Lay your inner fabric out on a large flat surface, pin the pattern to the cloth, pin it close to the edge and on the straight grain, so that you don't waste any cloth. Cut 5x30cm squares of cloth (seam allowance has been added so you don't need to add any when cutting).

If you have chosen a relatively lightweight cloth, like cotton, which will not stand up on its own, then you will need to use interfacing to make the cloth sturdier and this will help keep the shape of the box. (If you chose something like hessian, or an upholstery fabric then this will not be necessary). Pin the pattern to the interfacing and cut out 5 squares.



Turn on your iron. Lay one square of interfacing on your ironing board, shiny side up, place your fabric on top of the interfacing right side up.

Use a scrap of interfacing and fabric first to test your iron

Iron on a wool setting with no steam on for about 20 seconds (check the instructions on your interfacing as it may be different). Check the 4 corners to make sure the interfacing has stuck to the fabric, if not, iron some more.

Leave the backed fabric to cool for 20 mins, and let the interfacing adhere to the box

Once the interfacing is affixed its time to make your box.

Pin and sew your 4 side pieces together in a row using 1cm seam allowance.


Then sew up the last seam so they are all joined together 

IF YOUR FABRIC HAS A PATTERN, MAKE SURE ITS ALL FACING THE SAME WAY TO THE BOTTOM OF THE BOX SHAPE






Take the remaining piece of cloth and pin it to the sewn pieces to create the bottom of your box.

Sew the bottom to the sides using 1cm seam allowance.

Now repeat the last 4 steps using using your lining fabric.

Now you should have two fabric buckets without lids.

If they are crumpled at all, now is the time to give them a quick iron and press out the seams.






Turn you fabric lining bucket inside out.
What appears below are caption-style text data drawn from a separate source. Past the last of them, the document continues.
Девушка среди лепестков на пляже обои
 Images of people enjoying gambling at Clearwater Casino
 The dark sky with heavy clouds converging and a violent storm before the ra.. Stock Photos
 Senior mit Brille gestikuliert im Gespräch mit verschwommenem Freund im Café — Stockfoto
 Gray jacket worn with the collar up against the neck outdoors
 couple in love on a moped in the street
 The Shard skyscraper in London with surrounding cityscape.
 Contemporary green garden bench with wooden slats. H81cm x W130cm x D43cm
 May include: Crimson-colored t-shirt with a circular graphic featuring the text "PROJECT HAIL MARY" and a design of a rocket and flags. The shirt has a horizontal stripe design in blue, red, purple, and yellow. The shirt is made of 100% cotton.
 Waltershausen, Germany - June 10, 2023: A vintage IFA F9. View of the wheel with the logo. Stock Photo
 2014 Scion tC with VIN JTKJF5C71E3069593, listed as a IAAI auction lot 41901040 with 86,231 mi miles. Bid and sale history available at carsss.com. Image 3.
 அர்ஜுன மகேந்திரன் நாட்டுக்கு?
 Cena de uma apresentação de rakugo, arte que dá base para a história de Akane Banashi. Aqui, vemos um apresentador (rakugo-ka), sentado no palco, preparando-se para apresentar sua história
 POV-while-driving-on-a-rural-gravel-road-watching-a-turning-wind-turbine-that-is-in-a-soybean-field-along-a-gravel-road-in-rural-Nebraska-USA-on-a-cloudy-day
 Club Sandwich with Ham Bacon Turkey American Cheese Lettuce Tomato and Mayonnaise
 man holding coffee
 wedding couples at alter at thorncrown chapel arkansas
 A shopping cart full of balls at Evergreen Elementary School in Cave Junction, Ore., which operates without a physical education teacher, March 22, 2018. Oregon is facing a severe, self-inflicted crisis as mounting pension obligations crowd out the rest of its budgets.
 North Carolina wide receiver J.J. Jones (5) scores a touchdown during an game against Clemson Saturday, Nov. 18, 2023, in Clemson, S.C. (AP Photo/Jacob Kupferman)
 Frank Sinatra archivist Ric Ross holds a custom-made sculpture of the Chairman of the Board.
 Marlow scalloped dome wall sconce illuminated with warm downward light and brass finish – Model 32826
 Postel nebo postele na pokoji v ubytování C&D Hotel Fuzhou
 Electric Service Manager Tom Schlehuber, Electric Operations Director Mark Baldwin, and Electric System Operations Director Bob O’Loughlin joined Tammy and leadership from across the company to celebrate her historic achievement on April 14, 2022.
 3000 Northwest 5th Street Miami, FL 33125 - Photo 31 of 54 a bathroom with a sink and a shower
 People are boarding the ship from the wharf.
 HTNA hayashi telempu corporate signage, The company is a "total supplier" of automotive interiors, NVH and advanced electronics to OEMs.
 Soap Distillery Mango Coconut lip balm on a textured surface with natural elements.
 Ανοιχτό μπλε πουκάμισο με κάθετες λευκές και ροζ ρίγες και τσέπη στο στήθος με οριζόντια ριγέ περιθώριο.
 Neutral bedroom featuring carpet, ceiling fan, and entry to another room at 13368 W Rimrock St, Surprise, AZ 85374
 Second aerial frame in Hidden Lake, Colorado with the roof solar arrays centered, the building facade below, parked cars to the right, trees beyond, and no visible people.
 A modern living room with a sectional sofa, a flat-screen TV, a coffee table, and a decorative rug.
Place the fabric outer box (which you leave with right sides facing out) inside the the inner box

Pin the top edges together all the way round






Using the sewing machine, sew around the top using 1cm seam allowance, leaving a gap of 15cm

Remove all pins.

Turn the box the right way out by reaching into the gap and pulling the lining through the hole first and then the fabric outer.

Once its all turned the right side out, tuck the lining into the box.

Now you should have a fabric box shape.


Pin the hole closed


Topstitch all the way round the top of the bucket, you can do this in a contrasting thread if you wish

Taking a needle and thread and from the inside of the bucket, sew a few handstitches in the corners of your bucket to secure the lining to the outer fabric and to stop it moving about.

MAKING MEDIUM AND SMALL BUCKETS

To make the medium and small buckets, you just need to repeat the instructions above using the following measurements to make two smaller patterns for 2 smaller bucket boxes, which will then stack inside each other.

Draw out the pattern again, this time using the following measurements for each box on the pattern:

5x25cm (medium sized box)

20x20cm (smaller box)

MAKING TAGS






If you have access to an old typewriter you can make description tags for the buckets. Pop a plain fabric, like calico into the typewriter, as you would a sheet of paper, and type out the desired word. Remove the fabric and cut the word down to size, leaving at least 1/2cm around the edge..

Then cut out a piece of interfacing and a piece of your contrasting fabric at about 5x8cm each. Iron on the interfacing to the contrasting fabric.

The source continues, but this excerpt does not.